→ **Available data**
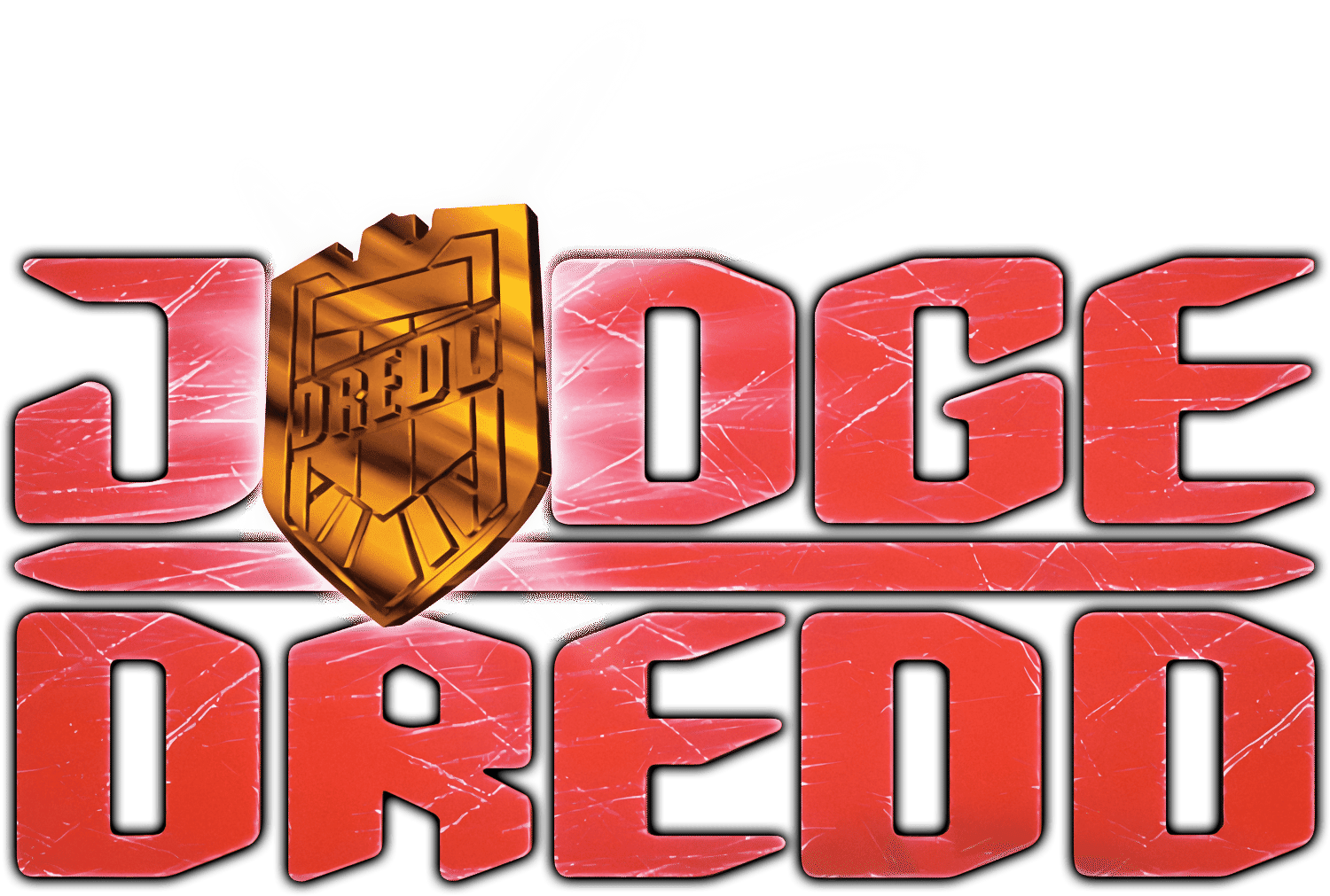 Judge Dredd logo for Playstation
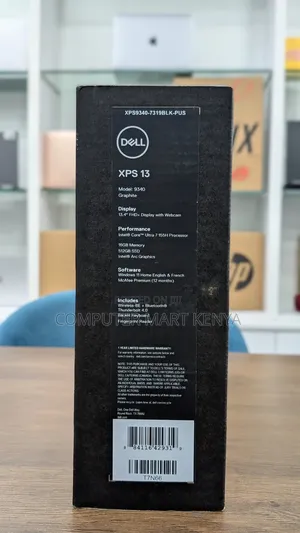 New Laptop Dell XPS 13 9340 16GB Intel Core Ultra 7 SSD 512GB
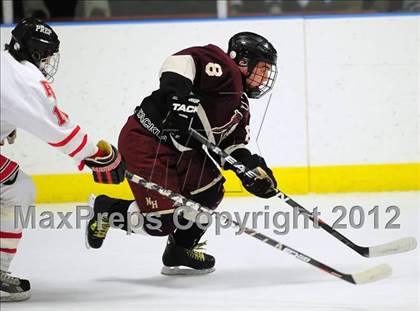 Thumbnail 2 in North Haven vs. Fairfield Prep (CIAC Division I 1st Round) photogallery.
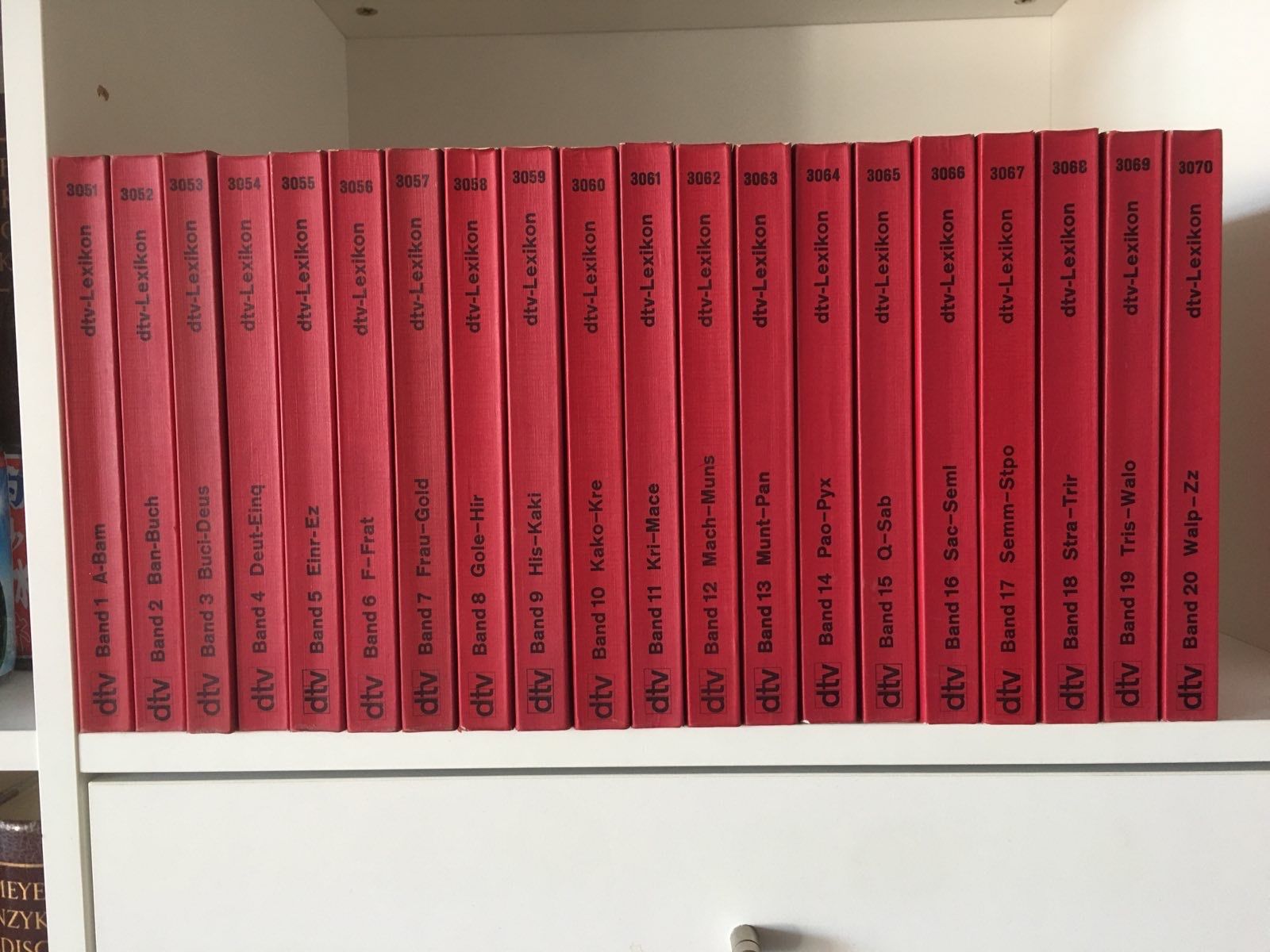 Libri: Dtv Lexikon in 20 Bänden – Usato da Biel-Benken BL venduto da AngiSchaefer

→ **To do**
Restate the whole listing above exactly, please, omitting every image.

→ **Output**
 Judge Dredd logo for Playstation
 New Laptop Dell XPS 13 9340 16GB Intel Core Ultra 7 SSD 512GB
 Thumbnail 2 in North Haven vs. Fairfield Prep (CIAC Division I 1st Round) photogallery.
 Libri: Dtv Lexikon in 20 Bänden – Usato da Biel-Benken BL venduto da AngiSchaefer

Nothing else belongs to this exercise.